Fire damaged art

fire damage restoration
Published: Wednesday, June 03, 2009
By Andrew J. Bernstein
The Saratogian

AFTER FIRE PAINTINGS RETURN TO YADDO

paintings damaged by fire restored

Yaddo maintenance supervisor Don Farmer unloads artwork Tuesday afternoon. The works were restored after a May 2008 fire. (RICK GARGIULO/The Saratogian)

SARATOGA SPRINGS — More than a year after fire damaged an administrative building at Yaddo, 65 works of art damaged by soot in the fire have been returned to the artists’ retreat.

On Tuesday, workers from Oliver Brothers, a Boston-based firm specializing in restoring damaged art work, delivered a truck load of art, including paintings, drawings, lithographs and sculpture.

The fire broke out in Yaddo’s “Garage” on May 10, 2008. The building houses administrative offices, as well as the maintenance and grounds crews. The fire started in a riding mower at night, when the building was unoccupied.

No one was injured in the fire, but Yaddo Public Affairs Coordinator Leslie Leduke said the Saratoga Springs Fire Department rescued a cat that lived in the building.

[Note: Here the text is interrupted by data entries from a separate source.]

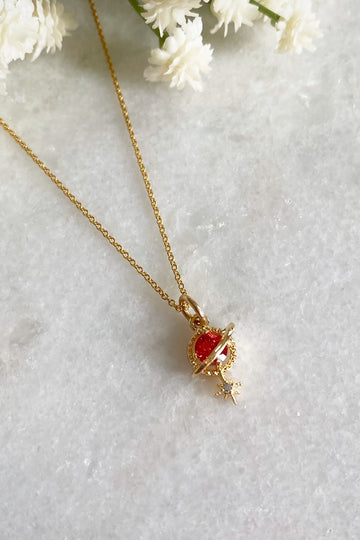 Orion Red Planet and Star Necklace Wisteria London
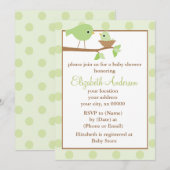 Invitation Les oiseaux verts dans un Baby shower de nids (Devant / Derrière)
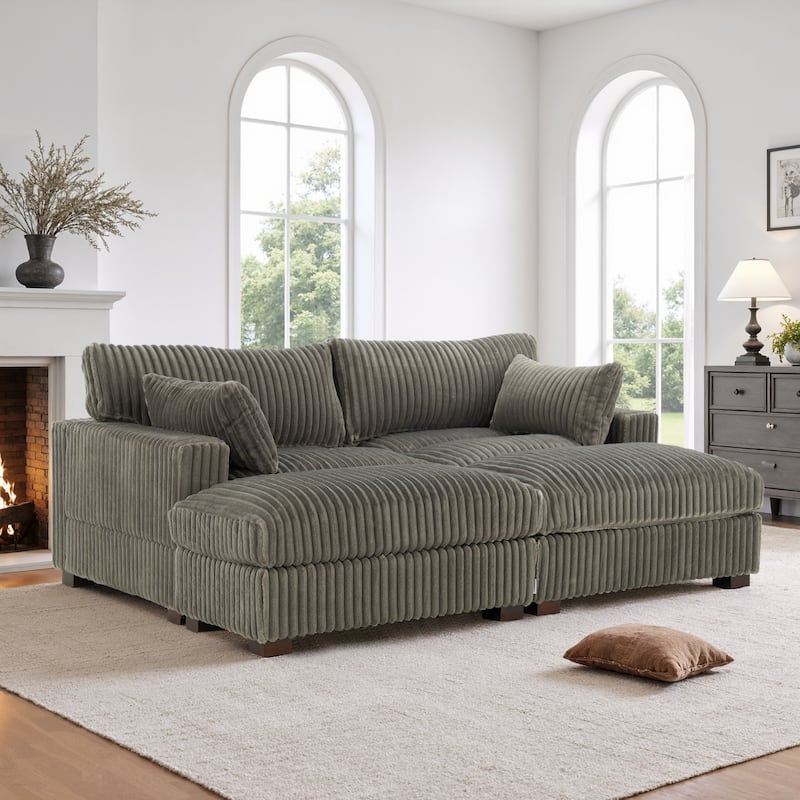 Oversied Plush Corduroy Fabric Modular Sectional Sofa with Chaise, Ottoman - Right Facing - Light Grey-3 Pieces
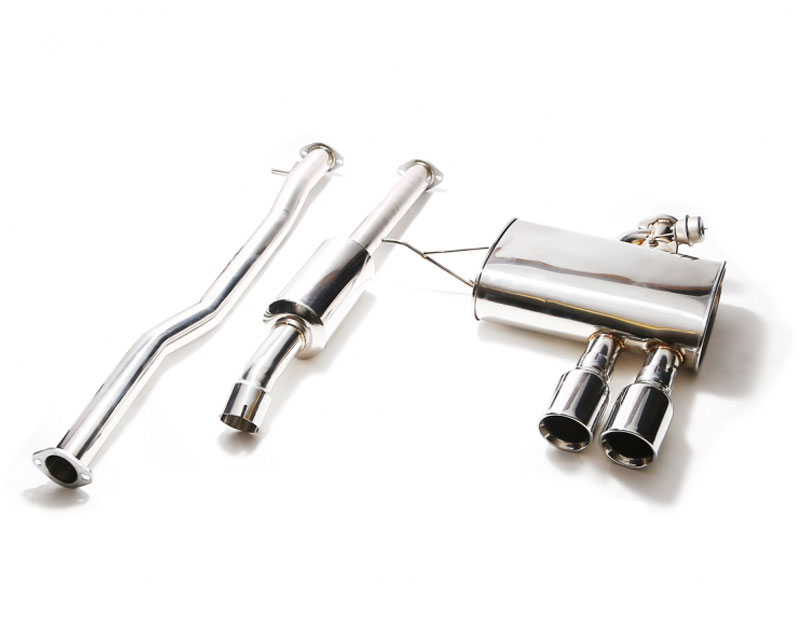 Armytrix MNF55-DS11C | ARMYTRIX Stainless Steel Valvetronic Catback Exhaust System Mini F55 Cooper S with Dual Chrome Silver Tips; 2015-2020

The fire destroyed the buildings electrical, telephone, and heating systems, but did not cause significant damage to the structure. Restoration work on the building is still ongoing, and Yaddo Vice President Patricia Supp said work on the building would be complete in late September. Until the building is completed, the art returned Tuesday will be stored on Yaddo’s property.

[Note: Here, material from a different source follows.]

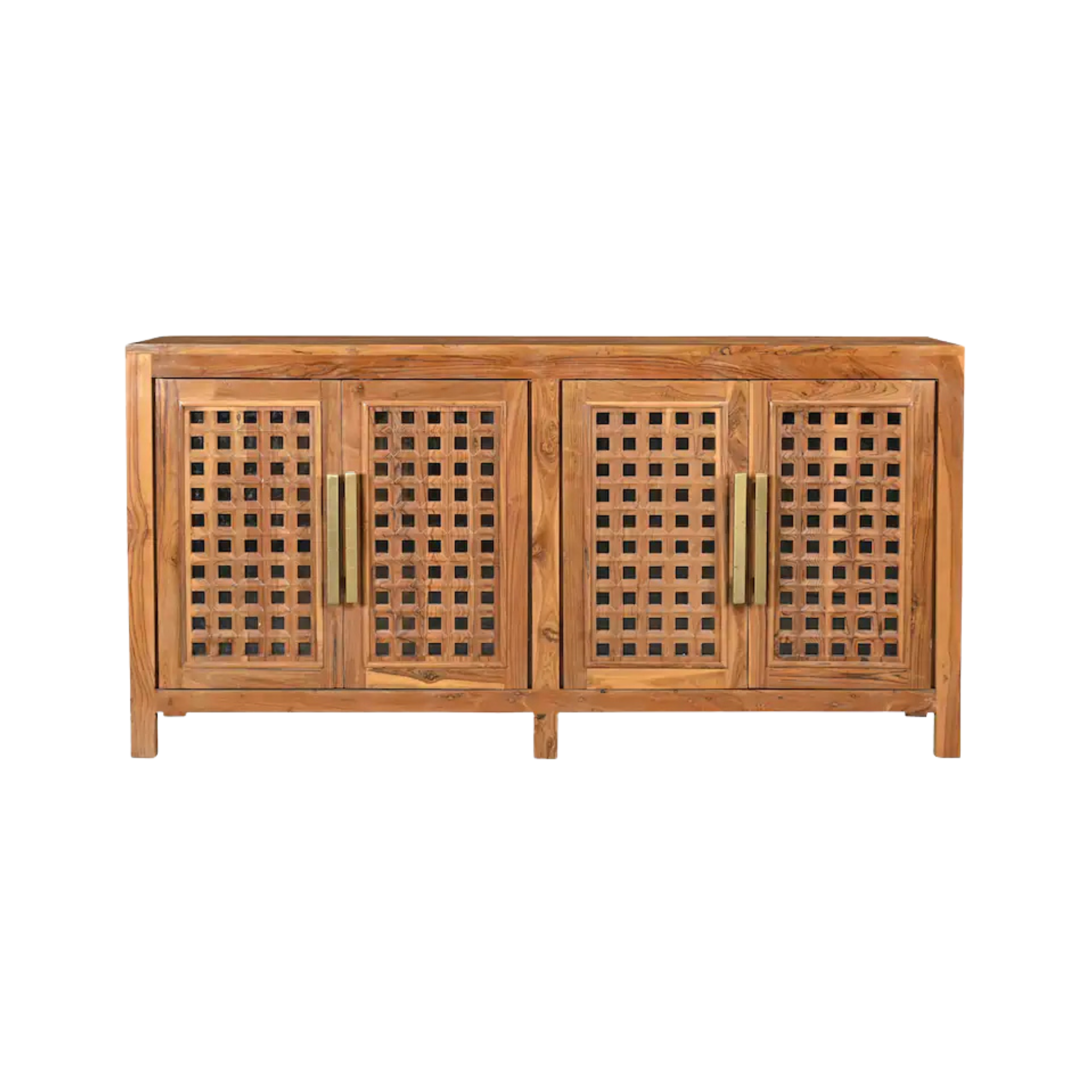 Solid Teak Buffet Sideboard with Carved Geometric Doors CV Aqma Furniture Solid Teak Buffet Sideboard with Carved Geometric Doors CV Aqma Furniture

Leduke said that most of the damaged art works were from the collection of Yaddo founder Spencer and Katrina Trask. Some of the works were by Yaddo residents, although most of the foundation’s most valuable works are housed in the mansion, where artists-in-residence are housed during stays at Yaddo.

Oliver Brothers restoration workers Greg Bishop and Peter Tysver, who delivered the art, said most of the restoration work focused on removing soot, although some of the pieces had “pre-existing conditions,” such as peeling paint, which required workers to stabilize the works to ensure they would not be damaged as the works were cleaned.

Leduke said that Yaddo expects to claim about $2 million in damages due to the fire, including restoring the art work. The organization will pay an additional $600,000 to update some building systems.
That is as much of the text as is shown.